Problem requirements
From the line below containing "Smidge 900Ml Flip" to the final line, print each line exactly as written. No pictures belong in the copy.

Data provided

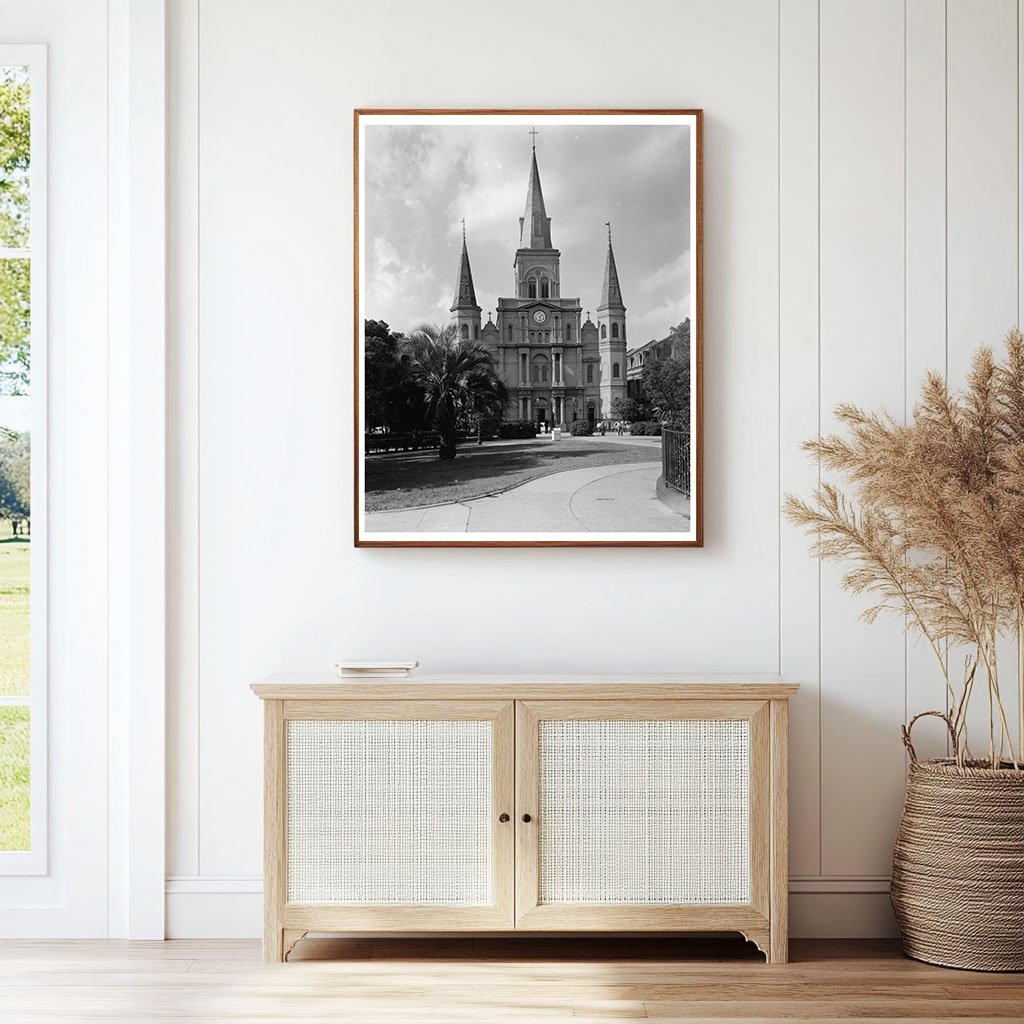 New Orleans Architecture: Vintage Photo from 1900s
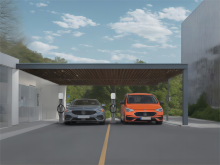 11KW Wall Mounted AC EV charger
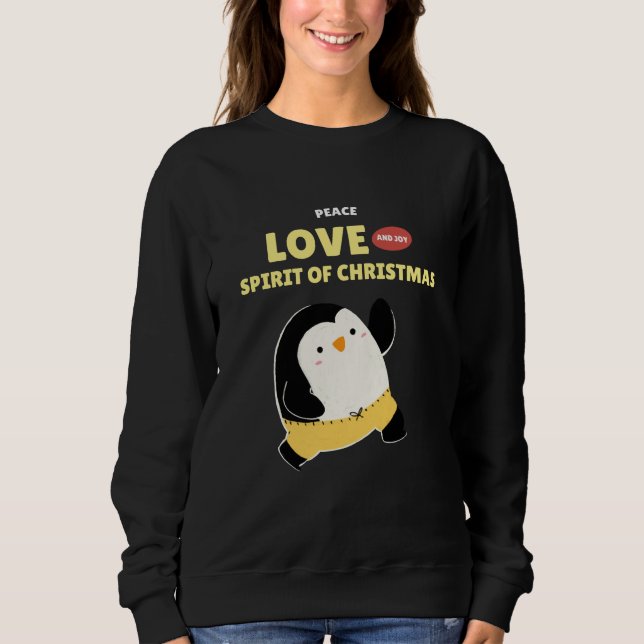 Sweatshirt Peace Love & Joy Spirit of Christmas (Devant)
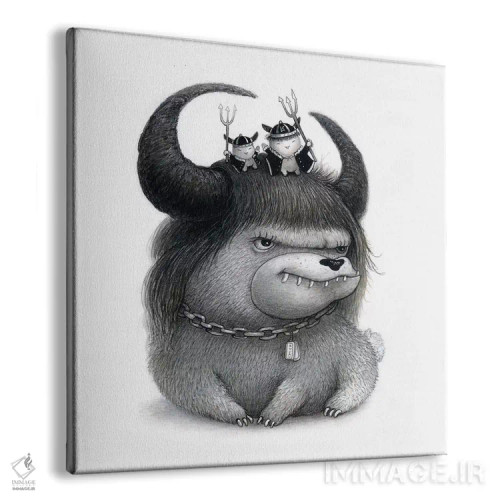 تابلو دکوراتیو چی چی اثر کریستین آدام - نمای پرسپکتیو محصول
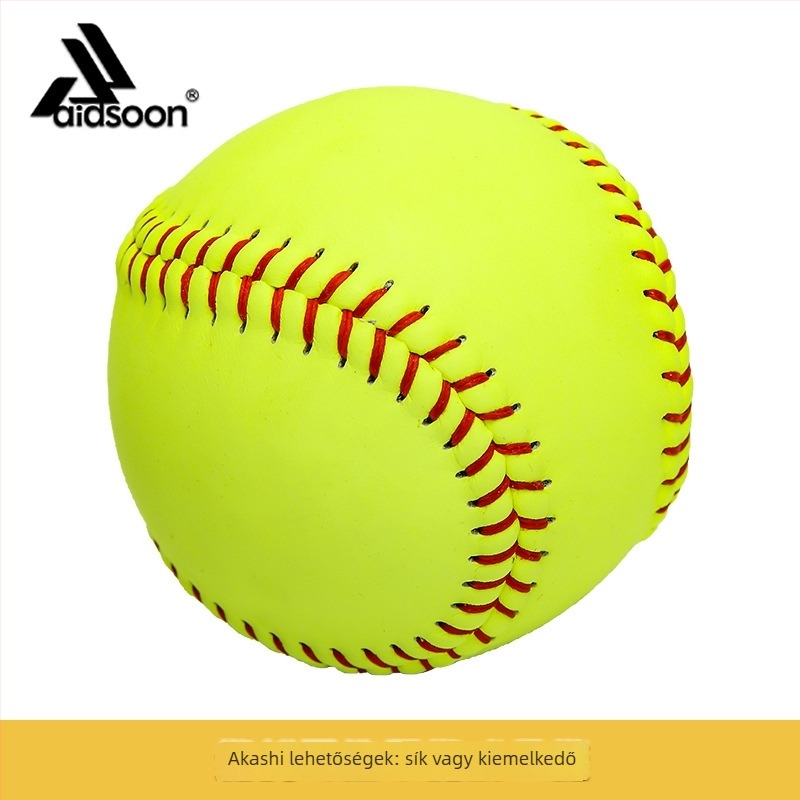 Edzésre és versenyre szánt softball — PU anyag, logónyomás elérhető, ADS márka, alkalmas más labdajátékokhoz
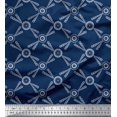 thumbnail image 1 of Soimoi Moss Georgette Fabric Dots & Circle Geometric Print Fabric by the Yard 42 Inch Wide, 1 of 1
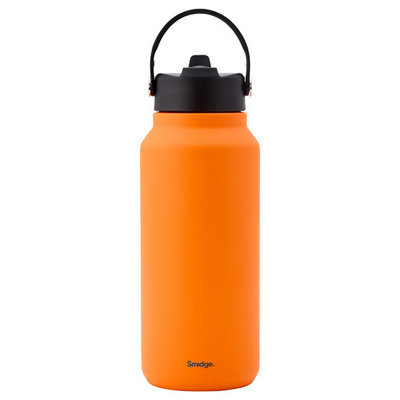 Smidge 900Ml Flip Straw Bottle Citrus from B&Q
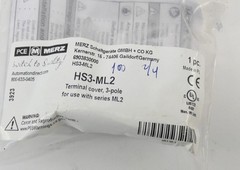 *Lot of 2* PCE Merz HS3-ML2 3P Terminal Cover – NEW Surplus!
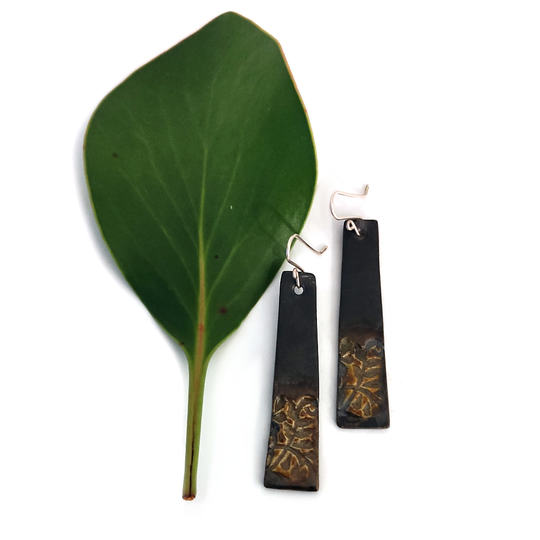 Porcelain Earrings Long Rectangle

Solved exercise
 Smidge 900Ml Flip Straw Bottle Citrus from B&Q
 *Lot of 2* PCE Merz HS3-ML2 3P Terminal Cover – NEW Surplus!
 Porcelain Earrings Long Rectangle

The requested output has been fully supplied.